# [Input for this task]
>>>
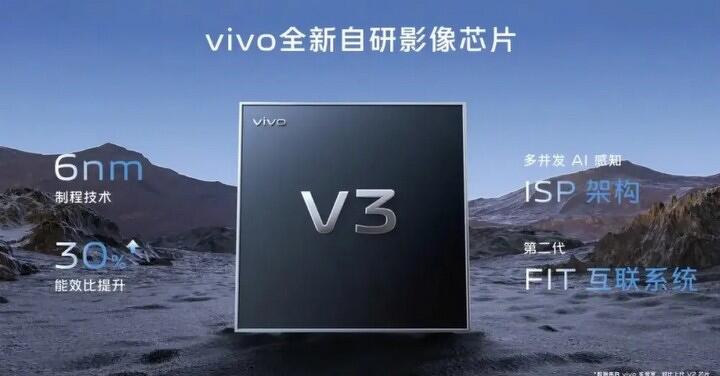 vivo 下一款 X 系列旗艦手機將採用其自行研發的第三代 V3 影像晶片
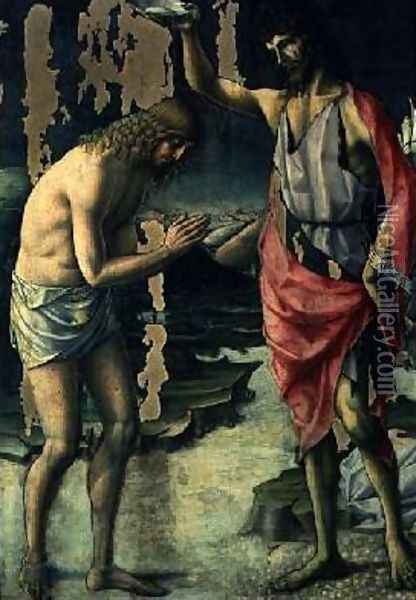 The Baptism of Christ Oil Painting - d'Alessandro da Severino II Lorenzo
<<<
>>>
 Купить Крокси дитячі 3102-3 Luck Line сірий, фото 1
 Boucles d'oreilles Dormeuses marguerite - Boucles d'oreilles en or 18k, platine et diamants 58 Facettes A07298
<<<
# [Work item]
Print, word for word, the lines above that run from the line containing "vivo 下一款 X 系列旗艦手機將採用其自行研發的第三代 V3 影像晶片" to the line containing "The Baptism of", both included. Keep the pictures out.

# [Result of the exercise]
 vivo 下一款 X 系列旗艦手機將採用其自行研發的第三代 V3 影像晶片
 The Baptism of Christ Oil Painting - d'Alessandro da Severino II Lorenzo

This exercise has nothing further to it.